**INFORMATION SHOWN:**

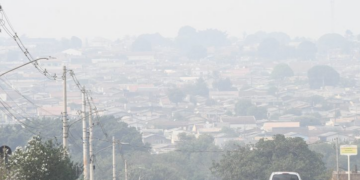 Altas temperaturas, tempo seco e fumaça: condições apresentam risco à saúde e exigem cuidados especiais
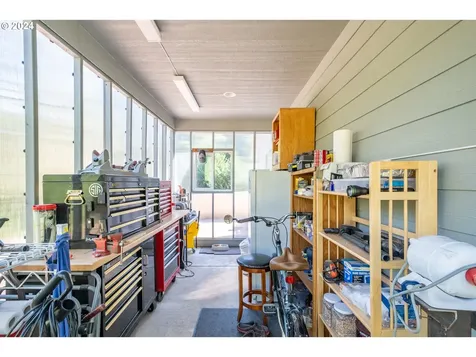 203 Ironwood Court Lyons OR 97358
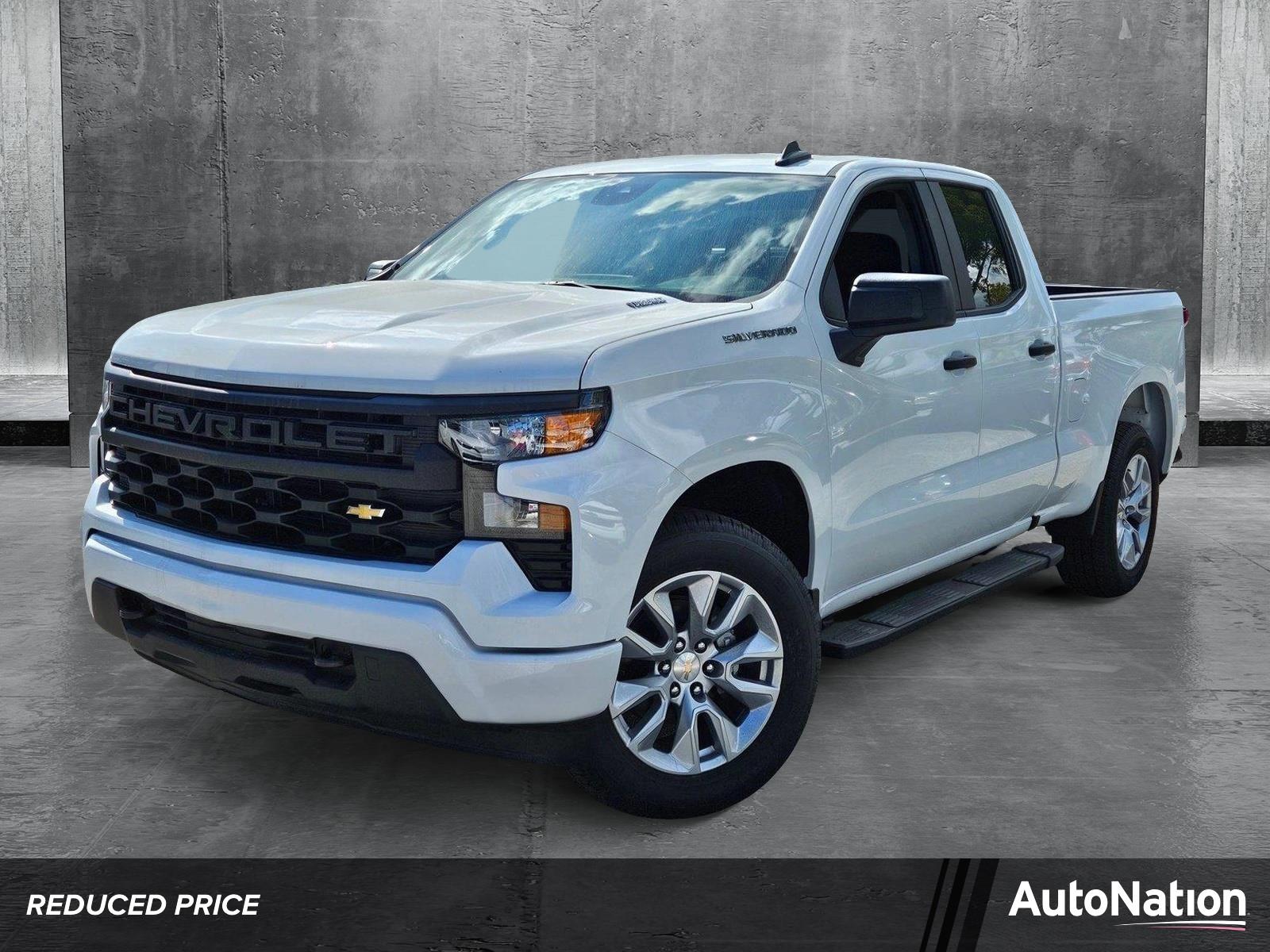 2025 Chevrolet Silverado 1500 Vehicle Photo in GREENACRES, FL 33463-3207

**EXERCISE BRIEF:** Please write out the entire listing above exactly, but leave the pictures out.

**RESPONSE AREA:**
 Altas temperaturas, tempo seco e fumaça: condições apresentam risco à saúde e exigem cuidados especiais
 203 Ironwood Court Lyons OR 97358
 2025 Chevrolet Silverado 1500 Vehicle Photo in GREENACRES, FL 33463-3207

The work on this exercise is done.